Hello! I am so glad this has come together finally, even if we start small it is a great way to be in touch and get some things out there… So good onya guys (Jalon, Susan, Steven) for getting the ball rolling. For anyone else reading: my name is Sophie, I am a PhD student in linguistics from the University of New England, Australia. I am currently in the USA on a Fulbright scholarship for a year visiting this lot to see what they are up to with the local indigenous languages. I have spent the last four months living in Albuquerque, New Mexico and I am currently in Tucson, Arizona.
Since I arrived here I have met many interesting people. Something important that comes up, time and again is the scarred relationship between researchers, such as liguists and indigenous language communities. I have met with some amazing academics here, mainly women and mainly Indian ( Native American? Indian sounds like from India to Australians!), all of whom are working on language, or language related issues. It seems important that there is some good relationships built between linguists and speakers of the indigenous languages (where they are not one and the same, Jalon!) that there could be a dynamic and exciting relationship between the two.
I have been talking to some people here about this. And they are willing to consider it. My friend Amanda suggested getting in touch with some Elders in different communities who want to work on language issues and suggesting linguists who may be (unexploitively!!) interested in forming some sort of partnership ( I am thinking of you Steven and Susan…?). Maybe some collaboration could start there… it is hard since you don’t have language centres here in the South-West who might act to facilitate this kind of relationship and protect both parties ( though usually it is the speakers who are most vulnerable), and many people may not know what linguists do ( or can do if you put a fire under them).
I am going to give a little talk about it on Wednesday evening- who knows. Maybe some good things will happen. I hope we will get some more discussion going.
Another interesting thing that Wamut in Australia, mentioned to me a while ago and I have been itching to talk about is the issue of how a linguist can give a language group determination over how their language is represented and reproduced. He pointed out that discourse analysis ( which is recording conversations and looking at how people talk) may not be at all how language speakers would like their language recorded as it looks (and is!) so unpolished, and also appears unsophisticated ( if you look at a transcript of spoken English you will see what I mean). I would love anyone’s posts or comments on this thought.
Check out this blogging site that has Jane Simpson as one of their bloggers… especially you Sophus… where-ever you are… because it involves Australian Indigenous Languages, etc… and should look into it…
Hey guys, thanks for inviting me to this forum. I recently went to visit some Warihó people in Chihuahua, and a Makurawe community in Sonora (both in Mexico). I asked for permission to work with their language and they accepted if I help with the development of their educational material for elementary school. There is a bunch of things I have to do.
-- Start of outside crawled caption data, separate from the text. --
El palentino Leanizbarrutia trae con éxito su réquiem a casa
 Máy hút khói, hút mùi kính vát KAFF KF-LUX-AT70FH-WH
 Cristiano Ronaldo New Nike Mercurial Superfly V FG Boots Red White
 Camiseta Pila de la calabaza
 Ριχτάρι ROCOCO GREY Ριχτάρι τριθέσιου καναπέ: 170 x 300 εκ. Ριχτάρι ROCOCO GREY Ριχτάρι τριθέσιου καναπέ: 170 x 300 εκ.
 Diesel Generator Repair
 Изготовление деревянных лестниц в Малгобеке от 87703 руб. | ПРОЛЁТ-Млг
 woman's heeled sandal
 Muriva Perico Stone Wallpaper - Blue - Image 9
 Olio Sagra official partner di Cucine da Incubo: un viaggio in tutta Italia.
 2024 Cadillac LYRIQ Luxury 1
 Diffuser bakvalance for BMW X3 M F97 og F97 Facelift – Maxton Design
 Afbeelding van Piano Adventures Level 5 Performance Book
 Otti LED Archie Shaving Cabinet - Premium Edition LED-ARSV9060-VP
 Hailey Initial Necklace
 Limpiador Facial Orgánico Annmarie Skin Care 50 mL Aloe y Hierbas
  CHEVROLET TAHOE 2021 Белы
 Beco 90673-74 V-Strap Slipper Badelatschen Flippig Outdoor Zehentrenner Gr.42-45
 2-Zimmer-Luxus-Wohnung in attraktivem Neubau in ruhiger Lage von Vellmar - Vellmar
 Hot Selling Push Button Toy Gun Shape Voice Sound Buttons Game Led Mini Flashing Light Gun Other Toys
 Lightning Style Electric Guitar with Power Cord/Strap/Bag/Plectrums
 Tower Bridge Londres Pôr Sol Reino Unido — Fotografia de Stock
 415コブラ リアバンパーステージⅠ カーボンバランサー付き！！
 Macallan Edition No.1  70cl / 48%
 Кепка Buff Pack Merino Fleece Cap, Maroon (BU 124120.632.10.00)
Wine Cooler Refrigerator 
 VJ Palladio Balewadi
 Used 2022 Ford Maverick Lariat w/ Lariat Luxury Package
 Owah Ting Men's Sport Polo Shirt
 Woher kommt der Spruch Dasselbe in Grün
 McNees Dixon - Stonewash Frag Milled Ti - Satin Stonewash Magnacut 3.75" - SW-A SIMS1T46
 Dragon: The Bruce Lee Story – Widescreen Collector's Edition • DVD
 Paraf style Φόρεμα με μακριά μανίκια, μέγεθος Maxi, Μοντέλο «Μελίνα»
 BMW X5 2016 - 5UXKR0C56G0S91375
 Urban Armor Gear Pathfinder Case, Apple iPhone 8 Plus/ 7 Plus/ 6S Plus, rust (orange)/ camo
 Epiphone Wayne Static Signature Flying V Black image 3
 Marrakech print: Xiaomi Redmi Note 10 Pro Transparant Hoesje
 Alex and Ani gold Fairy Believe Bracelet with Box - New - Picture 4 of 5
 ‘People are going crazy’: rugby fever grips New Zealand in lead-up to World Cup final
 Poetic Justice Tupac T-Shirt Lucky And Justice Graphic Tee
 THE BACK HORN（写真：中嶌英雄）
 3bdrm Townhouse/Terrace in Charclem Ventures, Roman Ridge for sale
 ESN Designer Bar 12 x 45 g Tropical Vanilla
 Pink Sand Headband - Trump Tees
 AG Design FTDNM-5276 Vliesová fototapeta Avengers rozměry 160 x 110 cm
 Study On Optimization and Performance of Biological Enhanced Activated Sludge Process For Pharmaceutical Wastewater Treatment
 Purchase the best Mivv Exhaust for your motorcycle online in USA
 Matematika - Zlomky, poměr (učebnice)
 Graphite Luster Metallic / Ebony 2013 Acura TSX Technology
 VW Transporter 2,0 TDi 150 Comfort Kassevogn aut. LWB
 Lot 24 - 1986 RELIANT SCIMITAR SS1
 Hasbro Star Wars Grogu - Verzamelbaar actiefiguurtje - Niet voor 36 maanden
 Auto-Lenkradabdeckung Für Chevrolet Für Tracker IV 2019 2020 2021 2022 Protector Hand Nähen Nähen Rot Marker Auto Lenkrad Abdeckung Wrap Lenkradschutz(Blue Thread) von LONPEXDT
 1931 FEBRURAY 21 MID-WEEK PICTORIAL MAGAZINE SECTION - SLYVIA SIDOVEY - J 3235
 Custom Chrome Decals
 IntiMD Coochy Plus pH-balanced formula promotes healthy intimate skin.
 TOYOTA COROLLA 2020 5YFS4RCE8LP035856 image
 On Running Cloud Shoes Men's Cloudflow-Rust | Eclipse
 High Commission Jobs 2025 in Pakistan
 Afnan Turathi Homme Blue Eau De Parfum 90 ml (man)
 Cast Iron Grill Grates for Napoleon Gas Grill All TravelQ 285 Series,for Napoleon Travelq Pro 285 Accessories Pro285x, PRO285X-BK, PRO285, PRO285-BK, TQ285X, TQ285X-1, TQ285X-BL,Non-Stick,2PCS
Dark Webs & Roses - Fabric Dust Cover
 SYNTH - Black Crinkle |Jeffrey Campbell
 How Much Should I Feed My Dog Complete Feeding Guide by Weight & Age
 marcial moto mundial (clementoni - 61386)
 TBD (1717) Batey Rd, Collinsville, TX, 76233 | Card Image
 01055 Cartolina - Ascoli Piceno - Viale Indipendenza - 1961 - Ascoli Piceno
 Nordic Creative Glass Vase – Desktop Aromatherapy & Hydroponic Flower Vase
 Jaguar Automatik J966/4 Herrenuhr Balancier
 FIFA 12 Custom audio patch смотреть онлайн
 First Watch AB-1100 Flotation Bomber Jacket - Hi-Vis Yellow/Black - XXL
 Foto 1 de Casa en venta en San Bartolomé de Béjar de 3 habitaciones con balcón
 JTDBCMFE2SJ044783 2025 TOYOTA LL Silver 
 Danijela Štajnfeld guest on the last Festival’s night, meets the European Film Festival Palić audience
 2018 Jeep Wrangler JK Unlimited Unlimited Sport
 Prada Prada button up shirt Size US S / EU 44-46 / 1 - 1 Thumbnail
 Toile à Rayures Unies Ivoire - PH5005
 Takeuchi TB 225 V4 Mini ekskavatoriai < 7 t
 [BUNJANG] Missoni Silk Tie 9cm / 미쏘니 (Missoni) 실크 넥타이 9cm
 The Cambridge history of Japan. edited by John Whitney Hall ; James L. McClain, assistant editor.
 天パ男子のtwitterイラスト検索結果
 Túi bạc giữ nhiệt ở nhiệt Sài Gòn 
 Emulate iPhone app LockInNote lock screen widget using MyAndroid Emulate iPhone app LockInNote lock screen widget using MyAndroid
I am planning my fieldwork for next year. I am excited about it!
I would like to express my gratitude that the Mapuche nation has taken a stand against Microsoft. I hope that their case is heard in court. It does not surprise me that they have taken this action, as they are a very strong people in a country that is still overcoming the wounds of the incredible oppression of the Pinochet dictatorship (which was supported by the USA) and 400 years of colonization. I hope that their voice in this matter will give strength to other indigenous communities around the world that are also faced with the oppression of colonization (economic globalization in its most current and devastating form). My opinion is that it is not right for Microsoft to make software in Mapudungun (there are many ways to spell the language of the Mapuche: I have simply chosen this one) to sell to the Mapuche people for profit without their approval. The bottom line here is APPROVAL. It’s not that difficult to ask for approval before publishing anything regarding indigenous languages/communities (if one is not a member of the community being studied). It is a simple way to show a community that their opinion and wishes are valued, and that they will not be taken advantage of. This is a lesson for all of us that work with indigenous languages. Microsoft should be made an example of to the world.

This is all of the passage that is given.